• _The problem_: When you reproduce the listing, keep every word as it is and drop the pictures.

Available data section start

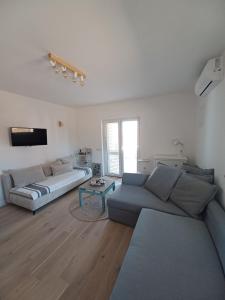 a living room with a couch and a table at Apartment Dry dock in Postira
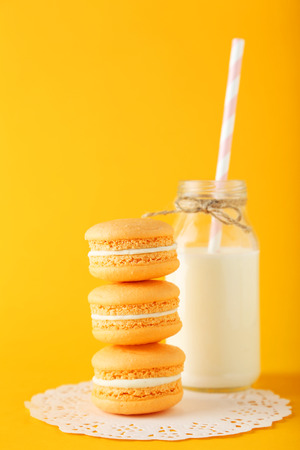 French macarons with bottle of milk on orange backgroundの写真素材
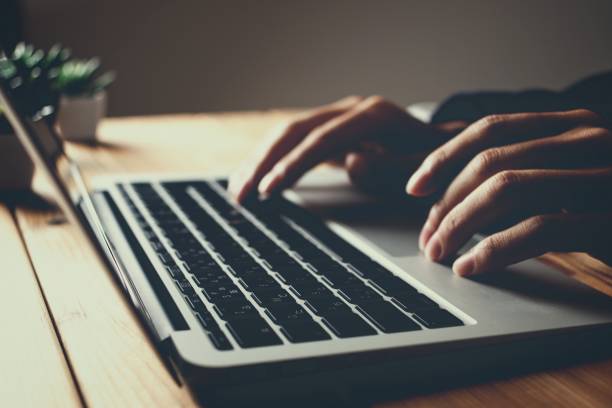 istock Man's hand typing on laptop 1363199723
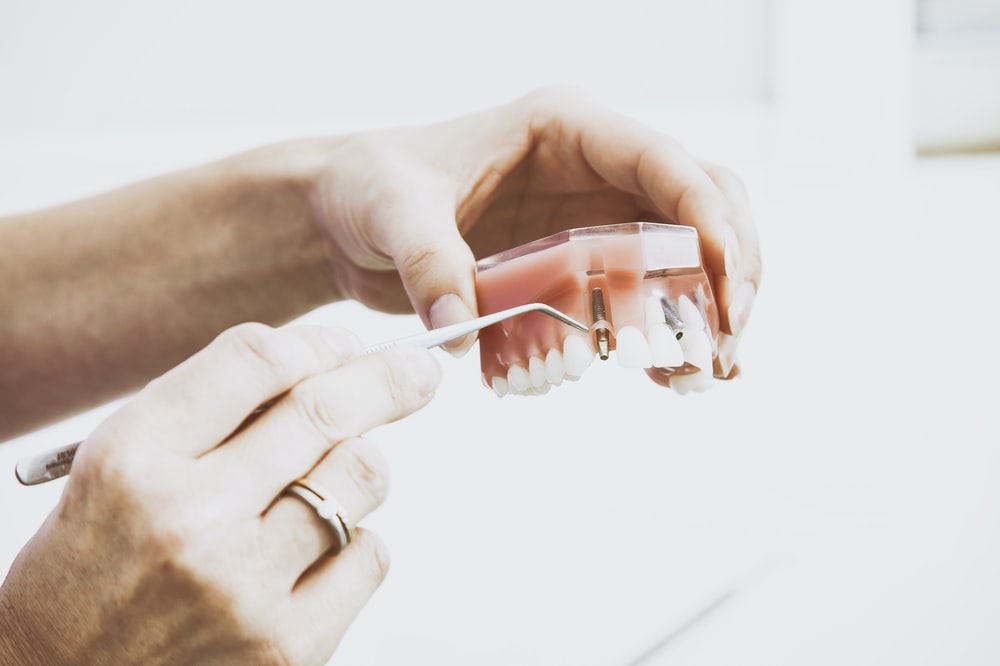 A dentist holding dentures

Available data section end

• _Exercise output_:
 a living room with a couch and a table at Apartment Dry dock in Postira
 French macarons with bottle of milk on orange backgroundの写真素材
 istock Man's hand typing on laptop 1363199723
 A dentist holding dentures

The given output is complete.